# CAN ANYONE TELL ME HOW TO MAKE MY LAVENDER SOAP BLUE



## longlasting (May 11, 2011)

I'm making all natural cold prosess soap. My next batch is going to be lavender. How do you get that nice color blue. I've tested alkanet root powder but it turns my test batch black. How do you make your soap blue..

Thank you


----------



## soapbuddy (May 11, 2011)

Naturally, blue chamomille will, but it's pricey. Otherwise ultramaring blue will give you blue.


----------



## Sezzah (Aug 5, 2011)

alkanet as far as i know works on the pH that determines the colour it turns out. Maybe try changing the recipe slightly? test the pH as you go along and see how it goes. Im sure the net if you google will give you ideas on if you need to go higher or lower on pH to get what you want.

Id be interested how it goes, thats my next batch.... including the alkanet.
I can let you know how it turns out when i get around to it.


----------



## lsg (Aug 5, 2011)

The blue color of chamomile fades over time.  I am not a fan of chamomile either, as I think it stinks.  That is just my opinion, but I wouldn't want to ruin the fragrance of lavender soap by adding chamomile and you would have to add quite a bit to get a good blue color.  As I said, the blue color fades over time or it did with the soap I used it in.  I do use chamomile with other e.o.s in formulas for aromatherapy.  Most of these recipes don't call for using very much, so it is more feasible to save expensive chamomile for that type of preparation.
Ultramarine blue would be a good choice for a stable blue for soap.  I have used it in swirling and the blue is still crisp and clear.


----------



## MissMori (Aug 9, 2011)

I've heard of indigo and woad being used in soap for a blue hue.

How much alkanet are you using?  I infuse my alkanet in olive oil, strain and use at a rate of 15% of total oils.  If I have 100g of oils in my batch, 15g will be the infused oil.  

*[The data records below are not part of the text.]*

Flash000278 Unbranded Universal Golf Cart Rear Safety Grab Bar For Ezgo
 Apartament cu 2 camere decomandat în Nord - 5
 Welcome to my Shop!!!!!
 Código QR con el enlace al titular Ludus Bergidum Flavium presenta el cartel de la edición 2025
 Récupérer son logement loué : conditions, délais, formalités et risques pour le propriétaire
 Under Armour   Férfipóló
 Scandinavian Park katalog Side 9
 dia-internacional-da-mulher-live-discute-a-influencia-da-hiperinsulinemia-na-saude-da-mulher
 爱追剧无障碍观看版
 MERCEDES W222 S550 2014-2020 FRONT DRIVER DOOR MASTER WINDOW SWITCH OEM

For the infusion, I use 1 tablespoon to 4oz olive oil.  The final color will be in the purple/lavender/violet range.


----------



## longlasting (Aug 10, 2011)

Thank you all for responding to my post. Sorry to say no one came close to the ansaw I was looking for. I've been there & done it all.. Maybe I should have been clear. I make CP soaps. I use in All my soap recipes vegetable oils  7 oils  2 butter  all ingredients are 75% organic with EO'S Not FO's...Before trace my batch color is a light brown on the yellow green side...I would like to get this lavender batch blue...

Thanks 
Longlasting  8)


----------



## trishwosere (Aug 10, 2011)

longlasting said:
			
		

> Thank you all for responding to my post. Sorry to say no one came close to the ansaw I was looking for. I've been there & done it all.. Maybe I should have been clear. I make CP soaps. I use in All my soap recipes vegetable oils  7 oils  2 butter  all ingredients are 75% organic with EO'S Not FO's...Before trace my batch color is a light brown on the yellow green side...I would like to get this lavender batch blue...
> 
> Thanks
> Longlasting  8)



Use titanium dioxide to get your soap white first, then add the alkanet, and you will have blue soap


----------



## soapbuddy (Aug 10, 2011)

trishwosere said:
			
		

> longlasting said:
> 
> 
> 
> ...


My alkanet CP soap turned purple instead.


----------



## MissMori (Aug 10, 2011)

Being that your soap base is light brown to yellow/green, you have to do something to counteract that before you can get a true blue.  Using titanium dioxide will do the trick.  Alternatively, use A LOT of whatever (fd&c, ultramarine blue, woad, indigo) to get to a blue.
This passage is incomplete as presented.